Task brief:
Without the pictures, write out all the lines below exactly as they appear.

[Short descriptive text snippets]
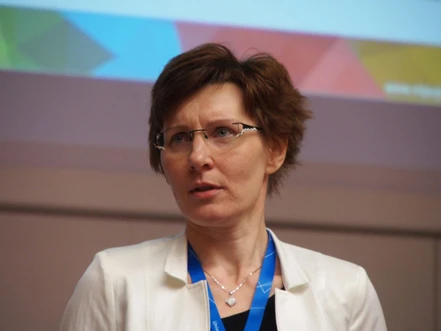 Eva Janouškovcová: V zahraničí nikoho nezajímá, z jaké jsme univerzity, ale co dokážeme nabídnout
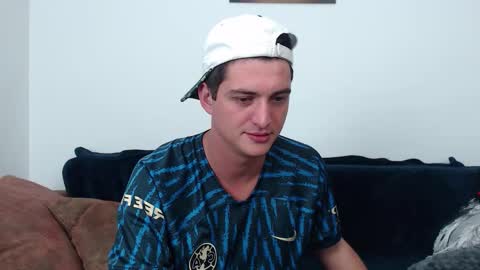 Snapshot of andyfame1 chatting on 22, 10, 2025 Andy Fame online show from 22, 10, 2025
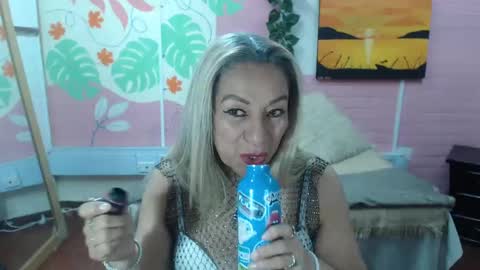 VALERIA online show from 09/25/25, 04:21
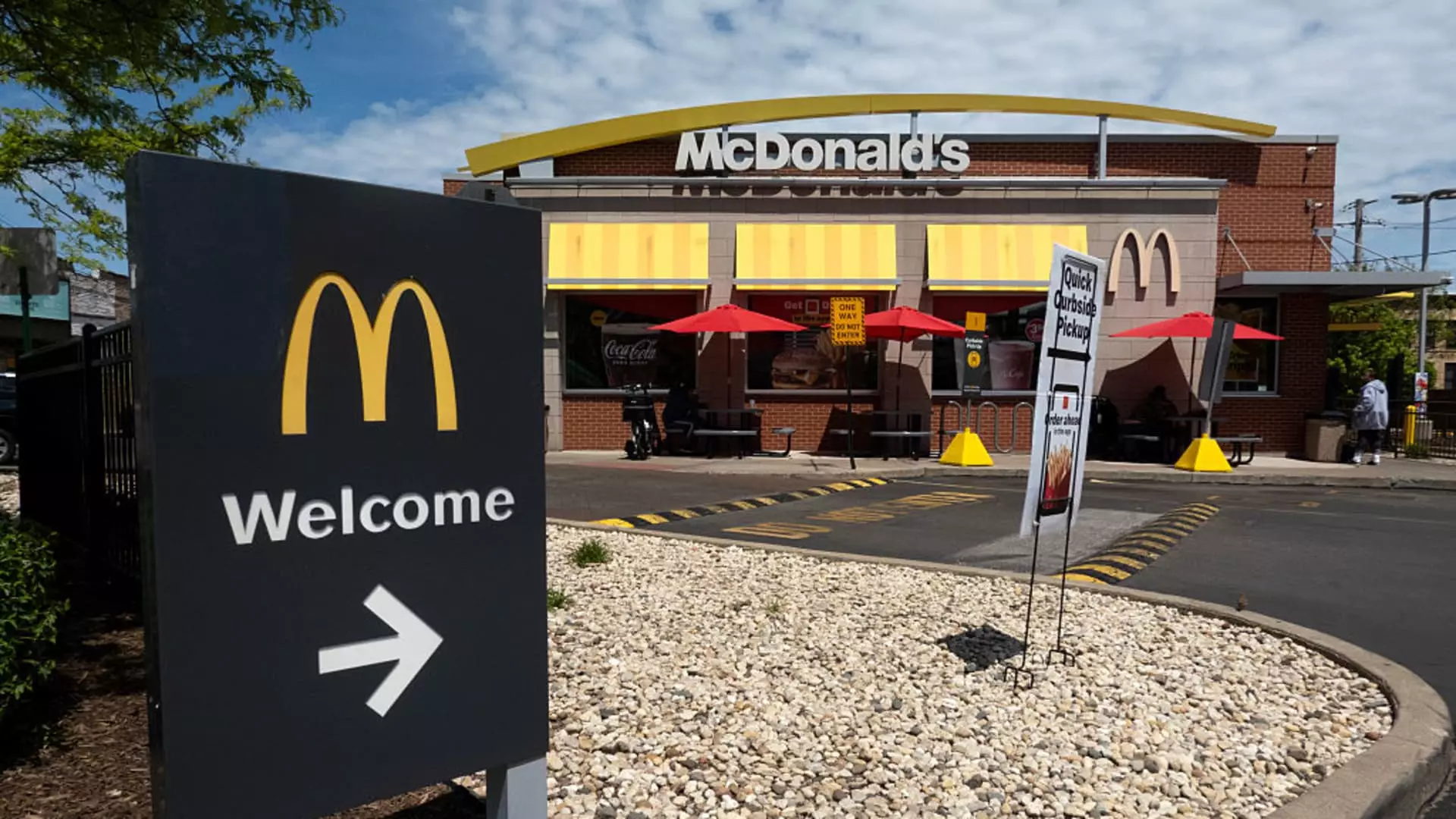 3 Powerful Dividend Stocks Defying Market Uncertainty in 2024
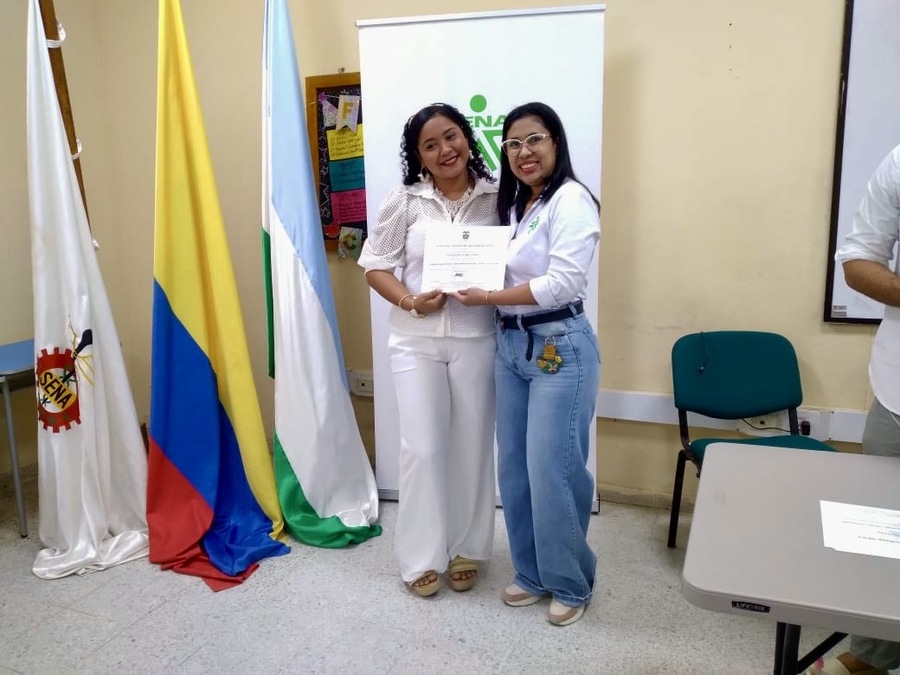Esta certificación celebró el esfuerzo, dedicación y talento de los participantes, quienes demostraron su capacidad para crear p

Response to this task:
 Eva Janouškovcová: V zahraničí nikoho nezajímá, z jaké jsme univerzity, ale co dokážeme nabídnout
 Snapshot of andyfame1 chatting on 22, 10, 2025 Andy Fame online show from 22, 10, 2025
 VALERIA online show from 09/25/25, 04:21
 3 Powerful Dividend Stocks Defying Market Uncertainty in 2024
Esta certificación celebró el esfuerzo, dedicación y talento de los participantes, quienes demostraron su capacidad para crear p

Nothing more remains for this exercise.